┌─ Task inputs
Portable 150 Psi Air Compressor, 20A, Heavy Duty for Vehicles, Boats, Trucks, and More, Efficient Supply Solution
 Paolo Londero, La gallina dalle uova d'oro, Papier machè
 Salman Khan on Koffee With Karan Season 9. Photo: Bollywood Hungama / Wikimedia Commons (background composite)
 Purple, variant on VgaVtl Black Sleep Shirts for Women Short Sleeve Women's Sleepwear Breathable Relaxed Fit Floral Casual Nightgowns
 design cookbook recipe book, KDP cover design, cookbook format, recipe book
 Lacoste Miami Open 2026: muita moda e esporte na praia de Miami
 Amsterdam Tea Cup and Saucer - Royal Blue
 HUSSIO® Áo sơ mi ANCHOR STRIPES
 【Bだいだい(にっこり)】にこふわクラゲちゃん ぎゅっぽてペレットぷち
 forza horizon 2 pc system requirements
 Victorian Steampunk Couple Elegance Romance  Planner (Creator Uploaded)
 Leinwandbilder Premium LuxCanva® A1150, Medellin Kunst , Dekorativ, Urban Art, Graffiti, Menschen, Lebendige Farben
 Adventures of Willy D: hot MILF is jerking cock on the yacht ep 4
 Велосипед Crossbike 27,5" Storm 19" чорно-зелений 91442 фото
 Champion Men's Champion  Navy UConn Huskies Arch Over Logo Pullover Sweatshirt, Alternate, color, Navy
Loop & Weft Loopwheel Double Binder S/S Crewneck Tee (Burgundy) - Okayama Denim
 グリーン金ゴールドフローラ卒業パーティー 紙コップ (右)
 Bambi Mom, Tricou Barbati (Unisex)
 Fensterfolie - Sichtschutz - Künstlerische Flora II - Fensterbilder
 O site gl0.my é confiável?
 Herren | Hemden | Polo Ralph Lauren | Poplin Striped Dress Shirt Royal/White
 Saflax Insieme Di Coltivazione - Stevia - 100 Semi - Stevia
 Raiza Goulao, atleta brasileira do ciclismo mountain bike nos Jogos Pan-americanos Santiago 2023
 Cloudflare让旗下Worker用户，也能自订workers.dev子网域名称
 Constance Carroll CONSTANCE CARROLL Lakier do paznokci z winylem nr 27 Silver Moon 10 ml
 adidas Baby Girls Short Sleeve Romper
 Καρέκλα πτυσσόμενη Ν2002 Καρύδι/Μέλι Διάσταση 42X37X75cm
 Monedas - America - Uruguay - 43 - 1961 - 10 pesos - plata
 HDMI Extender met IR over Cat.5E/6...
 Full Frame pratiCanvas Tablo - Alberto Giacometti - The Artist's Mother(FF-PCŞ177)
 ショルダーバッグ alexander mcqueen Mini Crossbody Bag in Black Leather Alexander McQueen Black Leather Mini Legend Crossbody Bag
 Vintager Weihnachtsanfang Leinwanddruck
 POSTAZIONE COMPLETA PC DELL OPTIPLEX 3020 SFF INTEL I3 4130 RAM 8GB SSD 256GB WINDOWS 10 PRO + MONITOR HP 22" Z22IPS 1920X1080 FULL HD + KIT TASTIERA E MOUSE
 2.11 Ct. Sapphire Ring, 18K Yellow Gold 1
└─
**What is being asked**
The answer is the lines above between the line holding "Purple, variant on" and the line holding "HDMI Extender met IR over Cat.5E/6...", inclusive, each written out exactly, and no others.

**Response to this task**
 Purple, variant on VgaVtl Black Sleep Shirts for Women Short Sleeve Women's Sleepwear Breathable Relaxed Fit Floral Casual Nightgowns
 design cookbook recipe book, KDP cover design, cookbook format, recipe book
 Lacoste Miami Open 2026: muita moda e esporte na praia de Miami
 Amsterdam Tea Cup and Saucer - Royal Blue
 HUSSIO® Áo sơ mi ANCHOR STRIPES
 【Bだいだい(にっこり)】にこふわクラゲちゃん ぎゅっぽてペレットぷち
 forza horizon 2 pc system requirements
 Victorian Steampunk Couple Elegance Romance  Planner (Creator Uploaded)
 Leinwandbilder Premium LuxCanva® A1150, Medellin Kunst , Dekorativ, Urban Art, Graffiti, Menschen, Lebendige Farben
 Adventures of Willy D: hot MILF is jerking cock on the yacht ep 4
 Велосипед Crossbike 27,5" Storm 19" чорно-зелений 91442 фото
 Champion Men's Champion  Navy UConn Huskies Arch Over Logo Pullover Sweatshirt, Alternate, color, Navy
Loop & Weft Loopwheel Double Binder S/S Crewneck Tee (Burgundy) - Okayama Denim
 グリーン金ゴールドフローラ卒業パーティー 紙コップ (右)
 Bambi Mom, Tricou Barbati (Unisex)
 Fensterfolie - Sichtschutz - Künstlerische Flora II - Fensterbilder
 O site gl0.my é confiável?
 Herren | Hemden | Polo Ralph Lauren | Poplin Striped Dress Shirt Royal/White
 Saflax Insieme Di Coltivazione - Stevia - 100 Semi - Stevia
 Raiza Goulao, atleta brasileira do ciclismo mountain bike nos Jogos Pan-americanos Santiago 2023
 Cloudflare让旗下Worker用户，也能自订workers.dev子网域名称
 Constance Carroll CONSTANCE CARROLL Lakier do paznokci z winylem nr 27 Silver Moon 10 ml
 adidas Baby Girls Short Sleeve Romper
 Καρέκλα πτυσσόμενη Ν2002 Καρύδι/Μέλι Διάσταση 42X37X75cm
 Monedas - America - Uruguay - 43 - 1961 - 10 pesos - plata
 HDMI Extender met IR over Cat.5E/6...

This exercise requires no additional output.